August 20, 2014
The young woman from the Northwest Side had stopped paying attention to the news.
Ever since last summer, she didn’t want to hear it.
But a friend told the 24-year-old woman to take a look Sunday. So she did. And she saw the face of Luis Pantoja, the man who made headlines after police accused him of the December sexual assault of a 15-year-old girl.
He’s the same man prosecutors accused in August of raping the 24-year-old woman in an alley. That attack allegedly happened less than a mile from the scene of the brutal assault on the 15-year-old.
The 24-year-old woman told the Chicago Sun-Times, in Spanish, that she reacted Sunday with these words: “Wow. My God.
“No, it can’t be.”
Cook County Judge Laura M. Sullivan dismissed on Sept. 17 that woman’s case against Pantoja for lack of evidence.

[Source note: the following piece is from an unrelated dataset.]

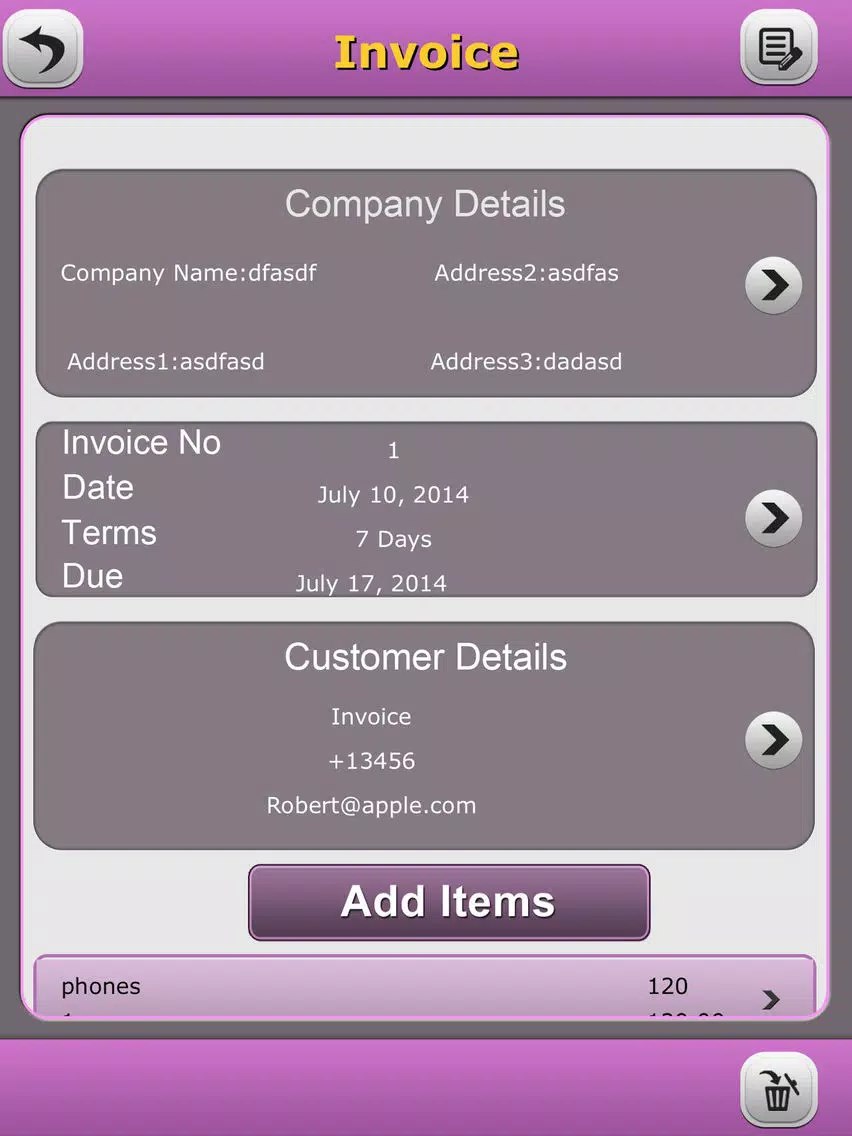 Quick Invoice Pro iPad  스크린샷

But it’s part of the startling criminal history of the Belmont-Cragin man, which began to reveal itself after prosecutors charged him during the weekend with attempted murder, aggravated battery, aggravated criminal sexual assault and unlawful possession of a weapon by a felon.
His alleged 15-year-old victim in the new case was found bleeding in the snow at about 8 a.m. Dec. 17, 21/2 hours after police believe she was attacked. She was found in a backyard in the 2400 block of North Long. She was shoeless, all but unconscious, and her pants had been yanked off.
Pantoja, 25, who is deaf and goes by the nickname “Silent,” is being held in that case without bail, pending a bond hearing Tuesday.
He was sentenced in 2008 to six years in prison for failure to report an accident causing death and possession of a stolen vehicle. That conviction was key, because police said it placed Pantoja in a federal DNA database used to connect him to the Dec. 17 assault.
But the aunt of the 24-year-old woman allegedly raped in the early morning hours of Aug. 15 said the 15-year-old girl might never have been assaulted in December had last summer’s charges against Pantoja stuck.
“The police did their work,” the aunt said. “The problem was the judge that threw the case away.”
The 24-year-old victim and her aunt each spoke to the Sun-Times, in Spanish, on the condition their names wouldn’t be used. Judge Sullivan, meanwhile, did not respond to messages left by the newspaper seeking further explanation for her ruling.
Pantoja is accused in a police report of grabbing the 24-year-old woman by the arm at about 1:30 a.m. Aug. 15, pulling her into an alley and raping her. The records show she was treated and released at Our Lady of the Resurrection Medical Center.
The 24-year-old told the Sun-Times she met Pantoja once while walking home. She said he followed her and spoke to her with hand signals and mouth movements.
The next night, she said he asked her to go to his house to meet his mother. She said she declined, but he insisted, and she accompanied him to his house where his grandmother was home. She said they talked in his room and he showed her photos of his young son. She said he insisted on kissing her so much that she let him do so, but she eventually got mad and left.
Afterward, she said she was assaulted between two buildings. Her aunt said the 24-year-old woman was hit in the mouth and her pants were ripped. When the assault ended, the 24-year-old woman said she ran to her aunt’s house.
Later, the 24-year-old woman said she picked Pantoja out of a lineup. Police reports show he was arrested Aug. 27, and Sullivan dismissed the case for lack of probable cause three weeks later.
Sally Daly, a spokeswoman for the Cook County State’s Attorney, said the judge was presented with evidence, including testimony from the alleged victim, during a preliminary hearing. She also said a rape kit was submitted for testing in the case, but that wouldn’t necessarily have come up in court.
The aunt of the alleged 24-year-old victim said her niece is still in therapy. And the 24-year-old woman said Monday she didn’t understand at the time why the case against Pantoja was dropped.
“The bad thing was when we were in court and they didn’t do anything,” the 24-year-old said.
“That’s what hurt me,” she said. “They took me as a liar.”